# [Required action]
The reply should hold only the lines from the one with "Realistic Pink Silicone Dragon Tongue Dildo" to the one with "Auto Hub Waterproof", both ends kept, exactly as they appear below, without any pictures.

# [Given records]
————
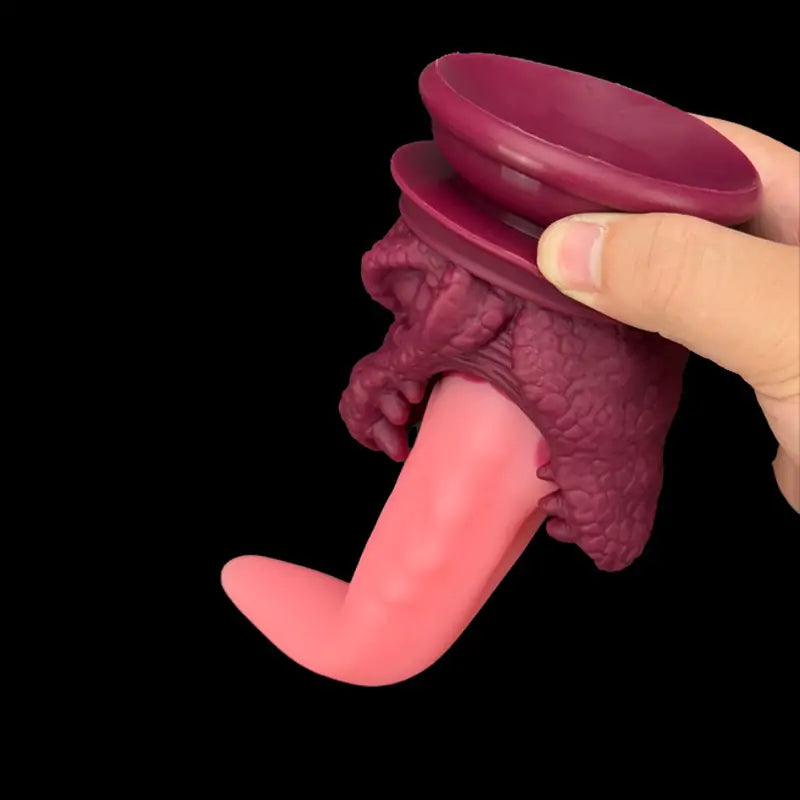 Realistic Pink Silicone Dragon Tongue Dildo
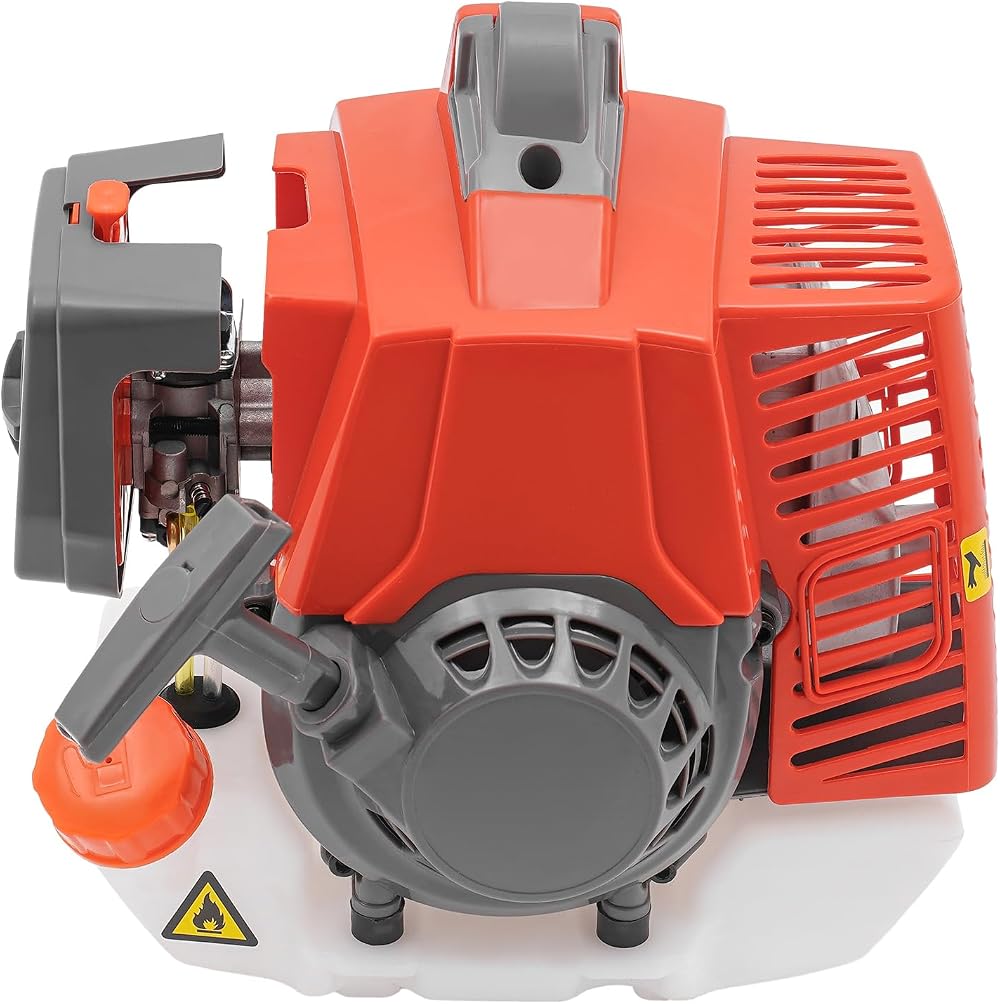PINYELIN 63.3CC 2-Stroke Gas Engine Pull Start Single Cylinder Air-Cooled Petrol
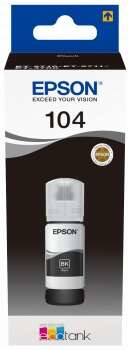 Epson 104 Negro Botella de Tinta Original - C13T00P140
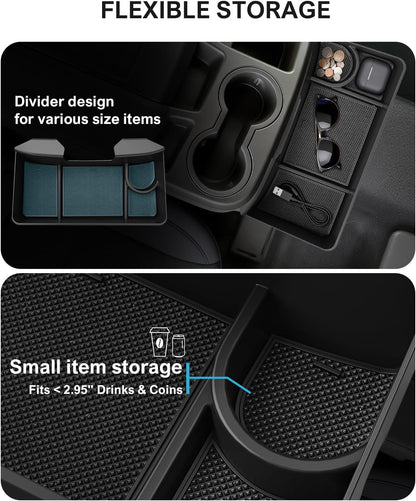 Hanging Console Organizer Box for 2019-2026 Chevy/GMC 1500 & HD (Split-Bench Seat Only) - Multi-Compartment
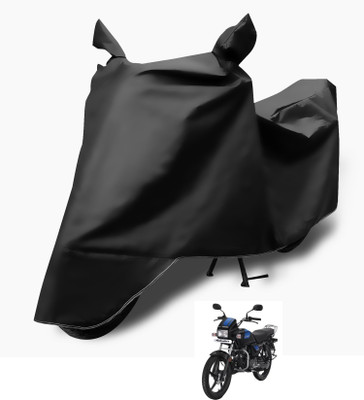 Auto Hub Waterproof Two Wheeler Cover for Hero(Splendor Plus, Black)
————
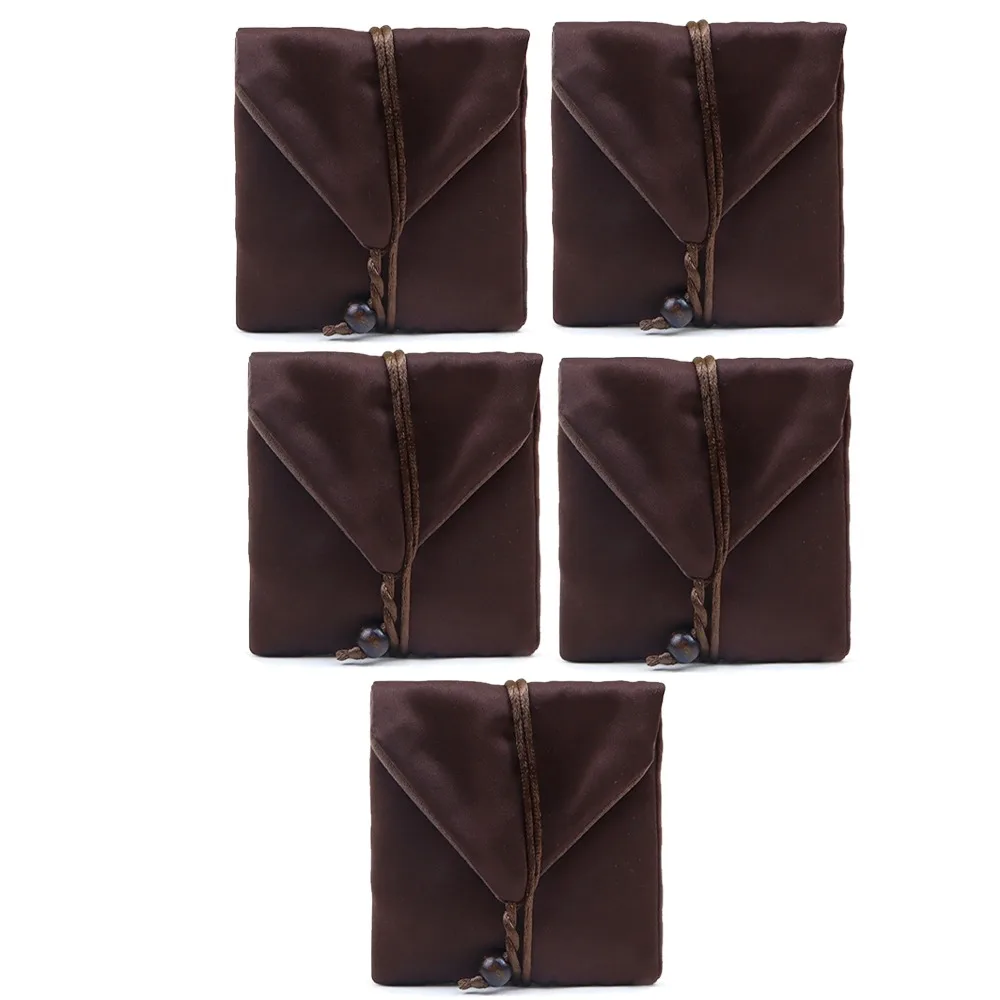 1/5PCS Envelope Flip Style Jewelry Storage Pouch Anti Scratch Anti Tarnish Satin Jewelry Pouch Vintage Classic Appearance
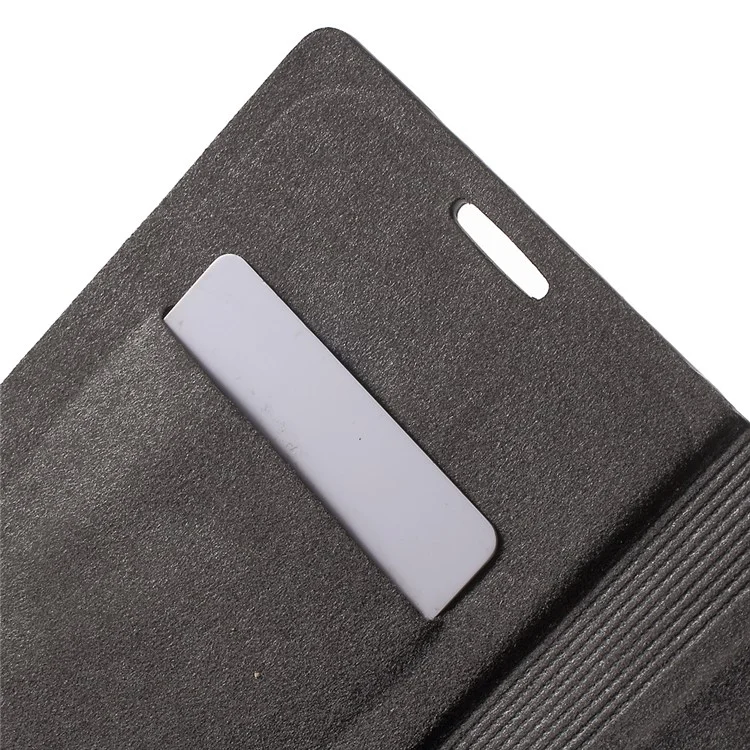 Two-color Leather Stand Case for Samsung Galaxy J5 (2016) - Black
————
# [Written answer]
 Realistic Pink Silicone Dragon Tongue Dildo
PINYELIN 63.3CC 2-Stroke Gas Engine Pull Start Single Cylinder Air-Cooled Petrol
 Epson 104 Negro Botella de Tinta Original - C13T00P140
 Hanging Console Organizer Box for 2019-2026 Chevy/GMC 1500 & HD (Split-Bench Seat Only) - Multi-Compartment
 Auto Hub Waterproof Two Wheeler Cover for Hero(Splendor Plus, Black)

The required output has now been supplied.